Оборвав ее мысли, кеб остановился напротив конторы Оливера Рэтбоуна. Пришлось вылезти и расплатиться с возницей. До назначенного времени оставалось пять минут. Эстер поднялась по ступеням и представилась клерку.
Вскоре внутренняя дверь приемной отворилась и вошел Рэтбоун. Со времени их последней встречи он совсем не изменился. Адвокат был чуть выше среднего роста, его белокурые волосы были тронуты сединой на висках, а темные глаза, как всегда, были готовы остро подметить смешные и нелепые стороны происходящего и так же внезапно наполниться участием и теплотой.
– Рад видеть вас снова, мисс Лэттерли, – проговорил он с улыбкой. – Будьте любезны пройти в кабинет, где мы могли бы поговорить о том деле, которое вас сюда привело.
Он отступил, пропуская посетительницу, вошел следом за ней и прикрыл дверь. Эстер опустилась в одно из предложенных ей больших удобных кресел.

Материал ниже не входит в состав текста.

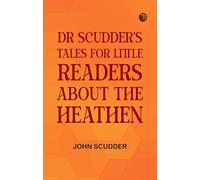 Dr Scudder's Tales for Little Readers About the Heathen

В кабинете тоже почти ничего не изменилось: это была просторная, без гнетущей атмосферы, создаваемой чрезмерным количеством книг, купающаяся в свете, беспрепятственно проникавшем сквозь большие окна, комната.
– Благодарю, – сказала женщина, оправляя юбки.
Рэтбоун сел за стол и взглянул на гостью с интересом.
– Очередная чудовищная несправедливость? – спросил он, и глаза его просветлели.
Внезапно Эстер почувствовала необходимость защищаться; подчас ее пугала манера Оливера вести разговор. Впрочем, такова уж его профессия: ставить вопросы так, чтобы, отвечая, люди невольно выдавали себя.
– Было бы глупо судить об этом заранее, мистер Рэтбоун, – ответила она с очаровательной улыбкой. – Если бы вы были больны и, обратившись ко мне за помощью, стали объяснять, как мне надлежит за вами ухаживать, я бы рассердилась.
Такой ответ весьма позабавил адвоката.
– Я это учту, мисс Лэттерли, – усмехнулся он. – Но вряд ли я когда-нибудь стану оспаривать ваши суждения в области ухода за больными. Когда мне нездоровится, я жалкое создание, уверяю вас.
– Люди становятся жалкими созданиями и когда их обвиняют в преступлении, а рядом нет никого, кто бы сумел им помочь.
– Насколько я понимаю, вы намекаете, что в данном случае помочь могу лишь я, – сказал юрист. – Что ж, я польщен!
– Не исключено, что сможете, если, конечно, соизволите ознакомиться с делом, – съязвила Эстер.
Ее собеседник широко улыбнулся. Зубы у него были великолепные.
– Браво, мисс Лэттерли! – воскликнул он. – Вижу, что иного выхода у меня нет. Будьте добры, расскажите, что это за дело.
– Вы читали о недавней смерти генерала Таддеуша Карлайона? – спросила женщина, чтобы не тратить время на изложение информации, которая и так была ему известна.
– Видел некролог. Кажется, несчастный случай, не так ли? Упал, будучи у кого-то в гостях… Выходит, это не несчастный случай?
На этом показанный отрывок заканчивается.